ACTIVITY
Transcribe nothing except the lines below that run from the one with "Cire pour planche" to the one with "Premium Ferrari F1 Vintage Racer Jacket", ends included, and do not copy any picture.

DATASET CONTENT

- - - - - - -

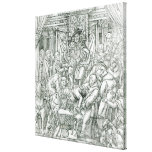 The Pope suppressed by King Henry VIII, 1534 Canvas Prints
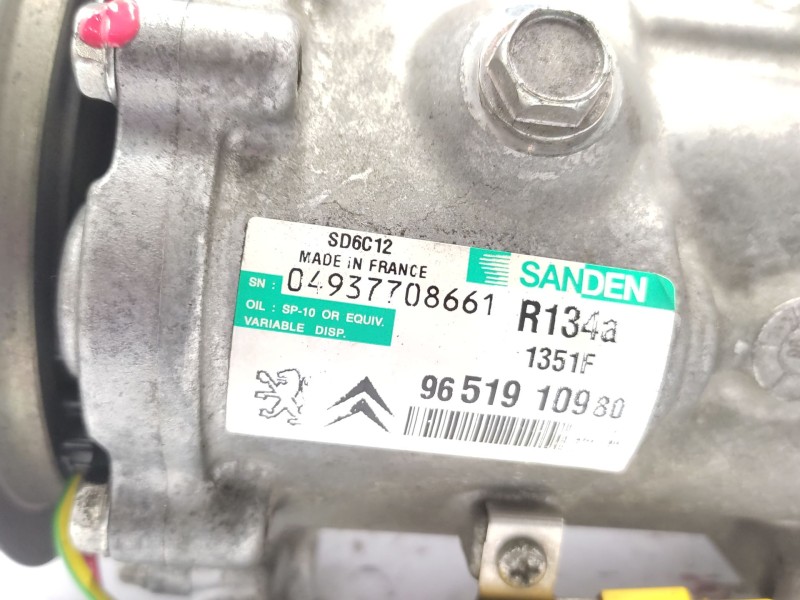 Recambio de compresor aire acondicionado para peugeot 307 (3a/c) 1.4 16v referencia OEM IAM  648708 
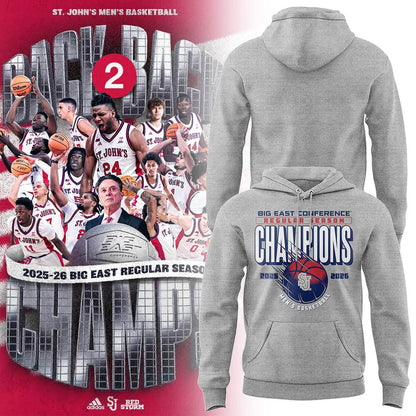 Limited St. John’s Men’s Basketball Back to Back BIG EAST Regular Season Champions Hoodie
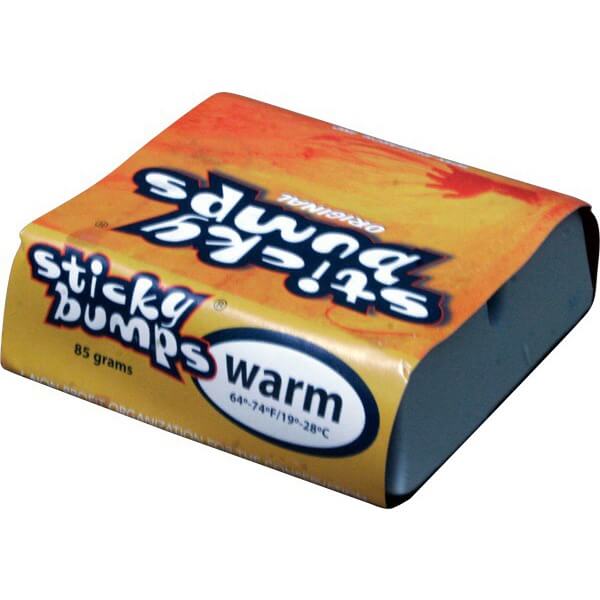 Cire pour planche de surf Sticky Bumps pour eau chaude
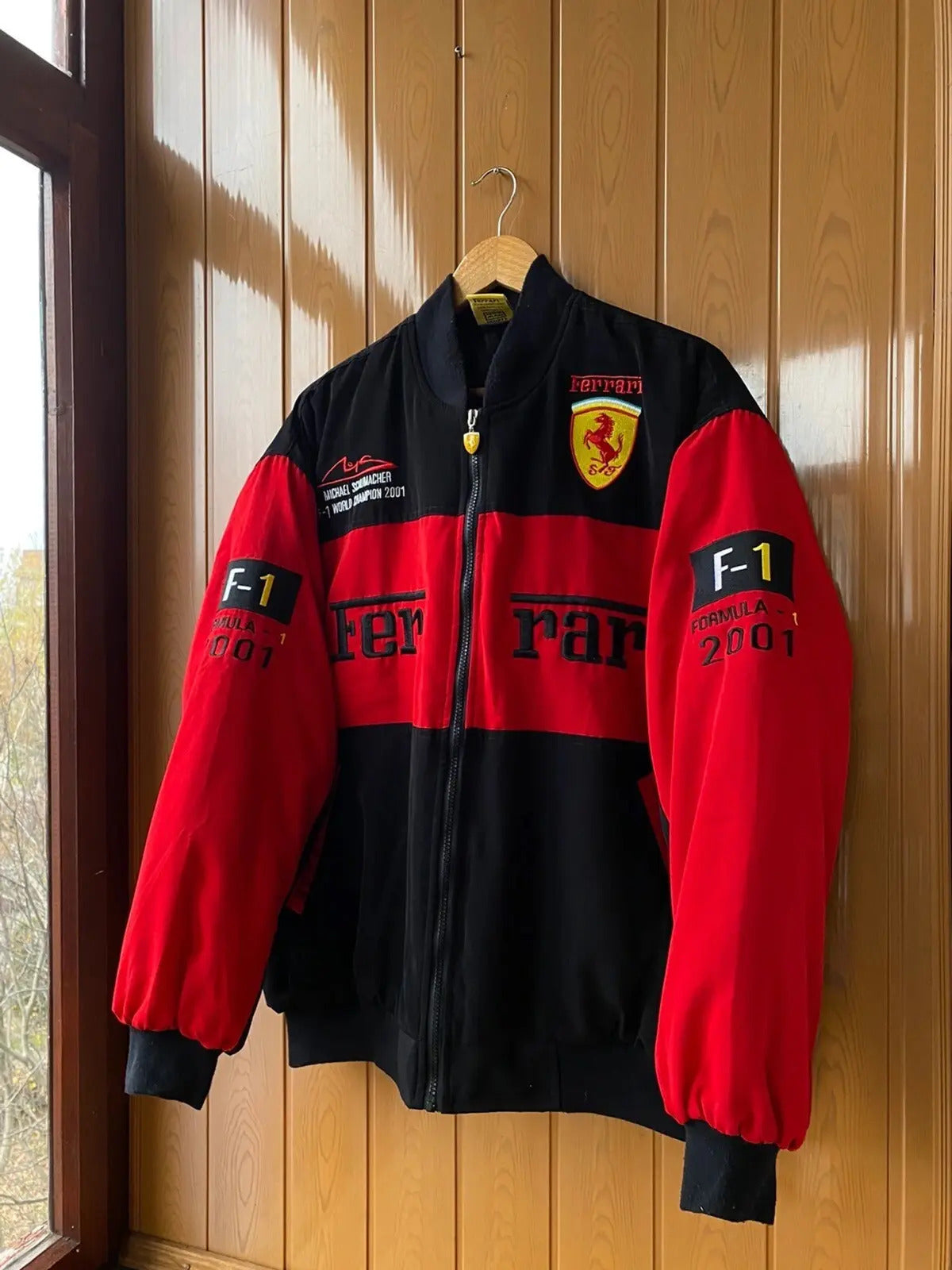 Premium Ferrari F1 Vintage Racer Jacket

- - - - - - -

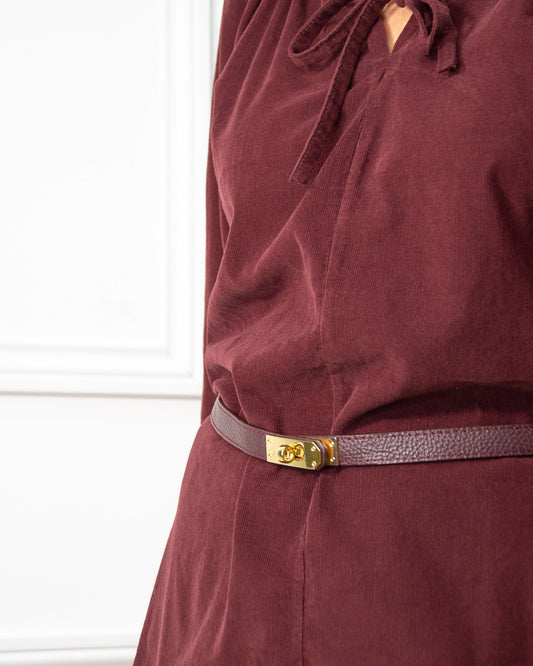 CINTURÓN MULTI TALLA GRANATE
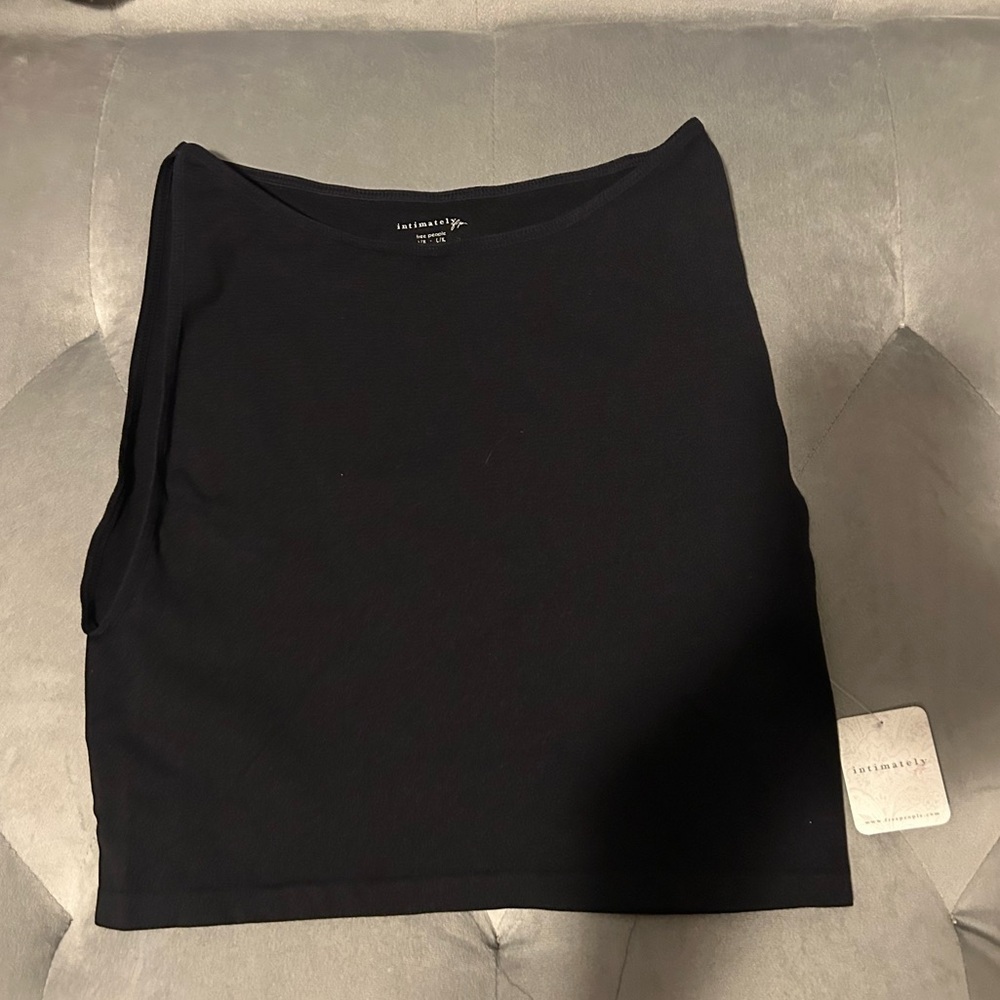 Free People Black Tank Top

- - - - - - -

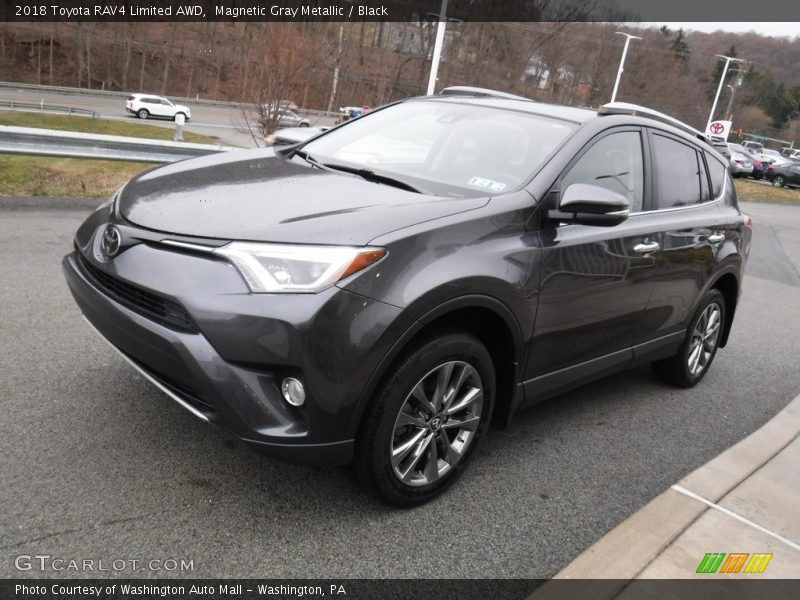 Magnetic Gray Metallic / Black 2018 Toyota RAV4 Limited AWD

- - - - - - -

SOLUTION TO THE PROBLEM
 Cire pour planche de surf Sticky Bumps pour eau chaude
 Premium Ferrari F1 Vintage Racer Jacket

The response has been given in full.